Par exemple, un week-end au ski à Pâques, des soirées bowling, escape game… Au moins toutes les deux semaines. L’an dernier, cela représentait un budget de 100.000 euros, pour un chiffre d’affaires de 12,5 millions d’euros. Avec la pandémie, «tout s’est arrêté», regrette-t-il. Certains collaborateurs organisent par eux-mêmes des soirées à distance. Mais l’arme principale pour pallier le manque de contacts reste «le management de proximité», selon lui.

On rappelle aux collaborateurs qu’ils peuvent nous solliciter s’ils ont un point à nous faire remonter, qu’il ne faut pas attendre le rendez-vous formel.

Cyrille Krasinski,  Intech

Chez Intech, les équipes s’organisent comme elles le souhaitent entre télétravail et présentiel, selon leurs envies et besoins. Par exemple, sur la vingtaine de personnes sous la responsabilité de Cyrille Krasinski, une moitié alterne entre les deux, l’autre est quasiment en télétravail permanent. «En tant que manager, il faut qu’on fasse un effort supplémentaire pour que les collaborateurs se sentent toujours bien chez Intech et pour maintenir une émulation d’équipe», relève-t-il. En temps normal, «quand un collaborateur commence une mission, on crée un objectif au début, et ensuite, on voit au bout d’un mois comment ça se passe, puis on espace un peu les délais». À distance, «on évite de laisser de trop grands écarts». Il poursuit: «On rappelle aux collaborateurs qu’ils peuvent nous solliciter s’ils ont un point à nous faire remonter, qu’il ne faut pas attendre le rendez-vous formel.»

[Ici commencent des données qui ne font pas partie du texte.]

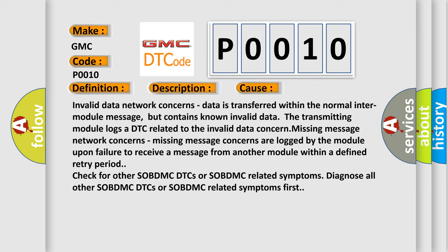Missing message network concerns. Missing message concerns are logged by the module upon failure to receive a message from another module within a defined retry period check. Check for other SOBDMC DTCs or SOBDMC related symptoms. Diagnose all other SOBDMC DTCs or SOBDMC related symptoms first.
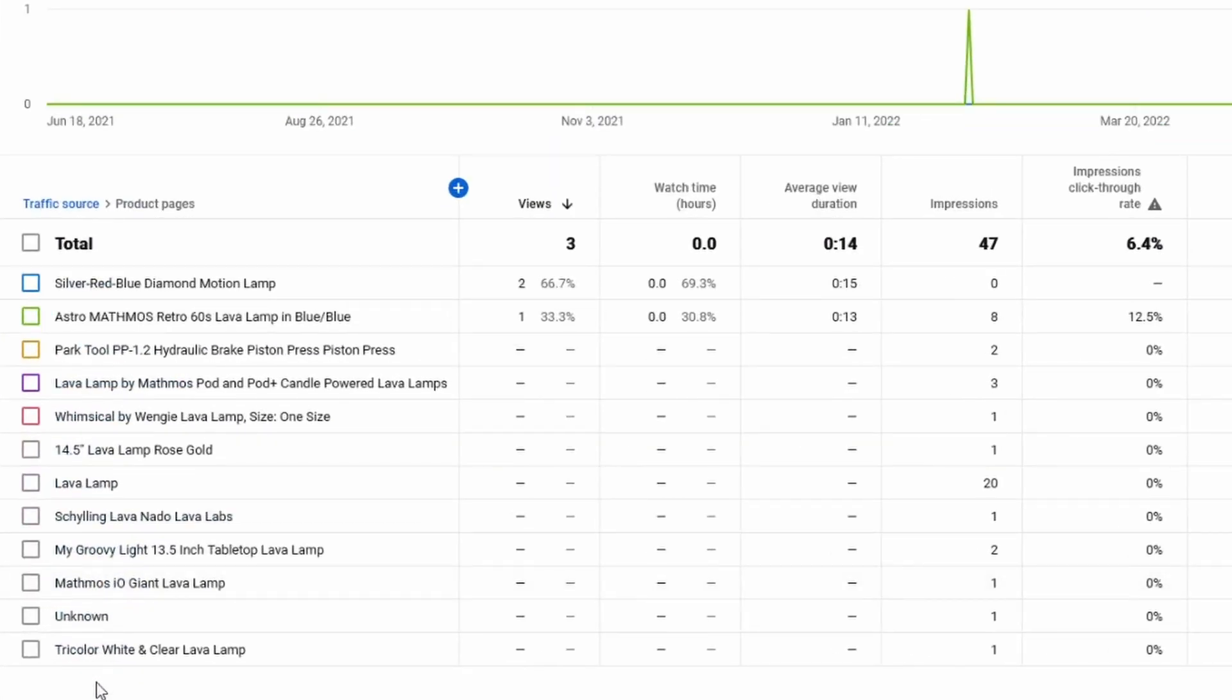Mostly Lavalem related stuff, which makes sense because that's one of the main channel topics, but it doesn't say what these product pages are exactly.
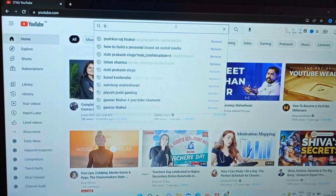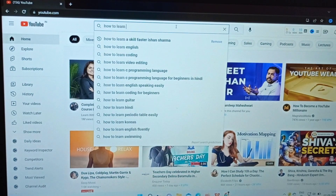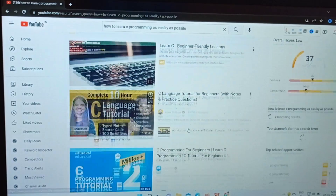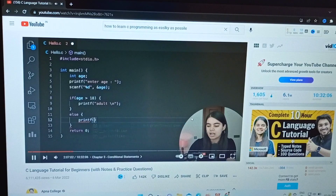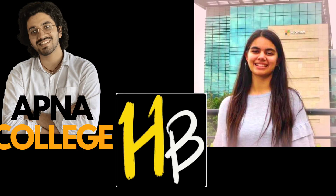So I came back to my room and searched on YouTube how I can learn C programming language as fast as possible, and I found this 10-hour long video from Apna College channel. You might know Aman Dharwal Bhaiya, Shadha Didi, Apna College, Apni Kaksha, Hustlers Bay and all that stuff.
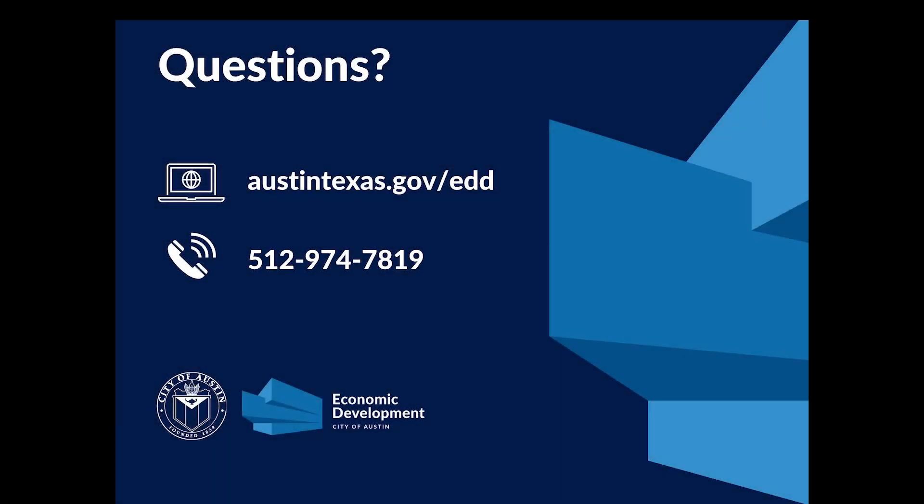We hope you found this video helpful. If you have any questions, please visit our Economic Development Department homepage at austintexas.gov/edd or call 512-974-7819.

Il assure: «On a réussi, je pense, l’exercice de maintenir impliqué le collaborateur. On le voit sur différents aspects, on n’a pas eu de problèmes particuliers.» Au contraire, ils semblent séduits par le télétravail, d’après ses retours. Pour intégrer les nouveaux venus, «on essaie de les voir au moins une fois à l’agence pour leur présenter les locaux». Le travail d’équipe sur les différents dossiers sert ensuite de ciment.

Du système de parrainage au team building en ligne, des efforts similaires sont faits dans l’entreprise de Simon, admet-il. Il relativise: «Il y a la théorie, et il y a les faits. Sur le papier, ce sont de bonnes initiatives. Mais la question est de savoir si elles sont mises en place de manière artificielle, ou en profondeur.» Des situations qui peuvent d’ailleurs varier d’une société à l’autre, mais aussi d’une équipe à l’autre au sein d’une même entreprise, en fonction du manager.